真っ赤なビロードのカーテン、椅子の張り生地。
昭和風情がうつくしい。
そういえば昨日の昼は大阪から来たお好み焼き屋さん。
今日は京都の喫茶店。
仙台牛たんのお店もたくさんこの界隈には集まっていて、東京駅の周辺は地方都市の名店出島になってるみたい。
サンドイッチにしようかそれともスパゲティにしようかなぁ…、と。
ちょっと悩んで、イタリアンをたのむことにする。
イタリアンと名前はついてはいるけれど、ケチャップあえのスパゲティーにてつまりナポリタンなのでありまして、これが上等。
ステンレスのドッシリとしたボウル状の器にやってくるのであります。
しかも同じ素材のキラキラ光る蓋で覆われはこばれて、テーブルの上におまたせしましたとおかれてそれが、シャランととられ、中から料理が顔のぞかせる。
太くてよく茹での太い麺…、そこにトロンとケチャップソースがからんでツヤツヤ、口にふくむと甘酸っぱくて噛むとムチッと麺全体に歯ごたえがある。
アルデンテではないけれど、伸びてしまっているワケじゃない。
こんがり焼けた玉ねぎに、ハムにピーマン、缶詰マッシュルームと具材も典型的なるナポリタンのモノでそれらがふんだんに。
緑の器の粉チーズとタバスコパシャリと大人味にして味わった。
それにしてもなんて上等。
手間を惜しまず作られている、ステキなゴチソウ。
今でこそナポリタンは「B級グルメ」なんて言われているけれど、昔、デパート食堂や洋食のお店で食べるナポリタンはゴチソウだった。
ハンバーグだったりビフテキだったり、ビーフシチューとなんらかわらぬ上等料理。
そもそも当時、料理に「AもBも」なかったのにね、今では勝手に料理に人がランクをつける。
B級グルメなんて下品な言葉がなかった時代の、素性正しく背筋が伸びた上等ナポリタンが今ここにある。
なんてステキな昼ご飯。
それからコーヒー。
アラビアの真珠っていうココの名物ブレンドで、砂糖とミルクを入れて飲むのが流儀の商品。

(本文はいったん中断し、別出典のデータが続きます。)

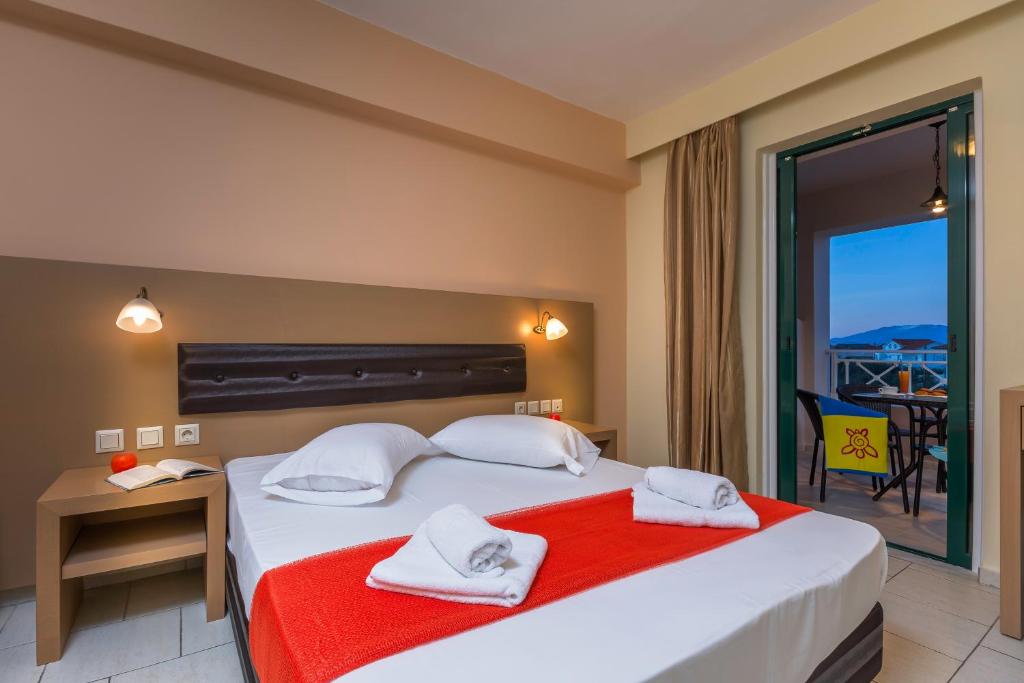 Postel nebo postele na pokoji v ubytování Kozanos Hotel & Suites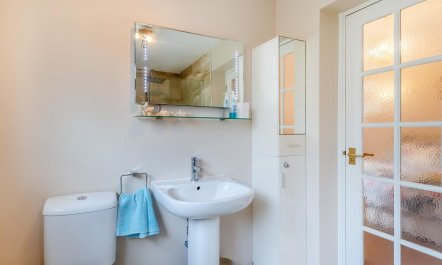 2 Bed in Bexhill-on-sea 8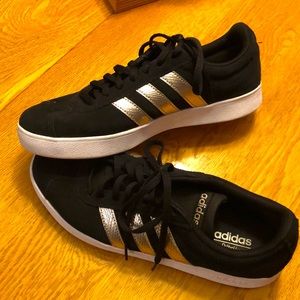Adidas Tennis Shoes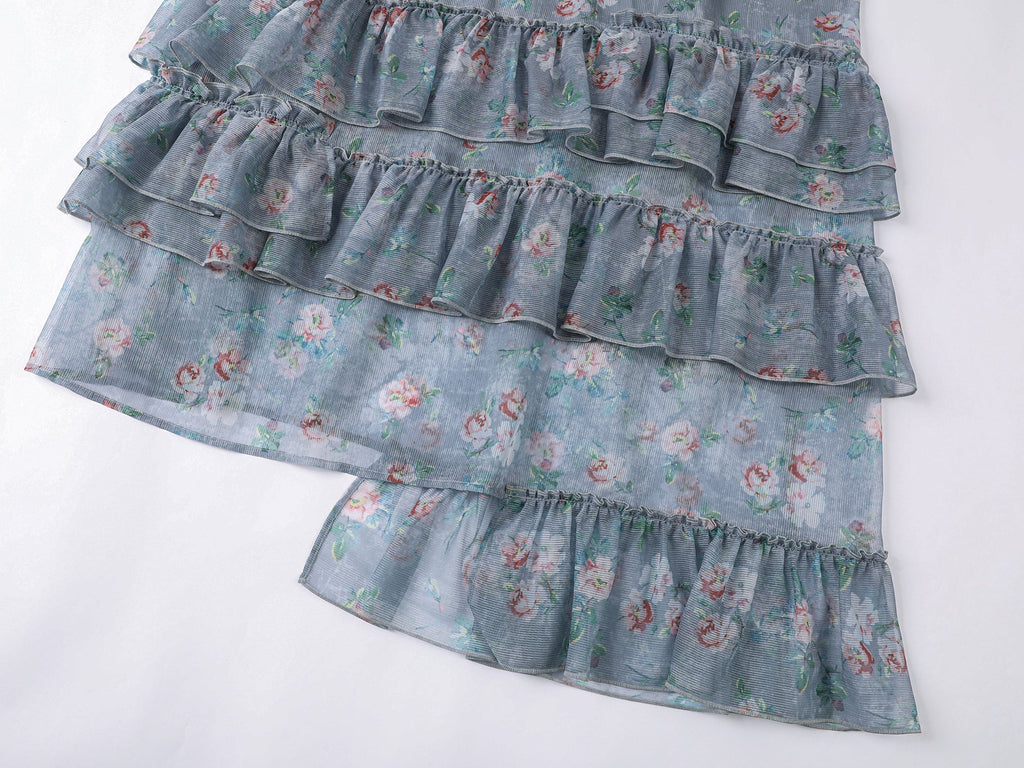 ロマンチックな壁紙の花柄サスペンダードレス
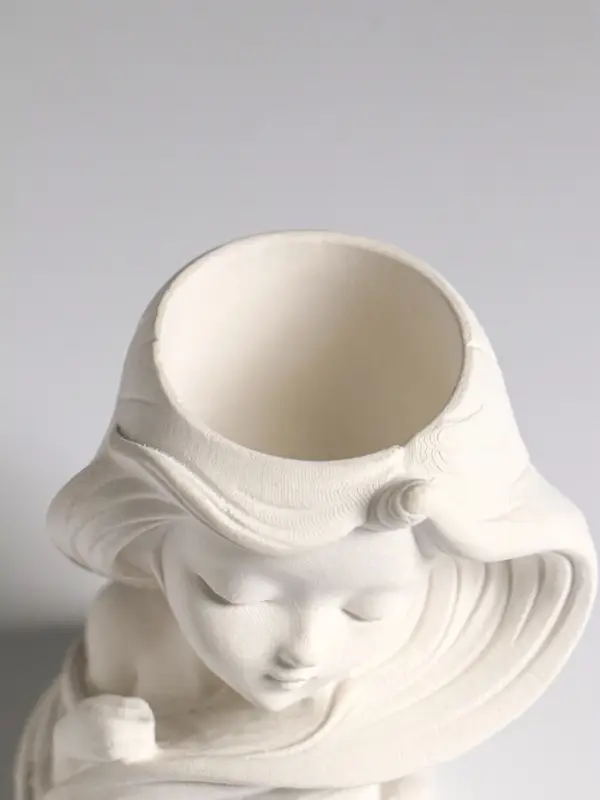 Ваза &laquo;Девушка с длинными волосами&raquo;, 6&times;8&times;9 см, гипс, белая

キッパリとして鮮やかな香りと苦味が特徴的なコーヒーで、だからミルクを入れるとふくよかになる。
砂糖をいれると苦味、酸味がまろやかになる。
好みの甘さをと、とても小さな角砂糖がスプーンの上に一個だけ、のってくるのがまたうつくしい。
バブル時代を思い出させる威勢のいい話を大声でする田舎紳士を横目でみつつ、おばさまたちに混じって味わうこのコーヒー…、なんだか不思議と味わい深い、面白い。
大丸が増床になったと思ったらこのフロアーの増床部分に東急ハンズができていた…、百貨店も今やショッピングセンターにならざるをえない時代なのねと感慨深く、さて仕事。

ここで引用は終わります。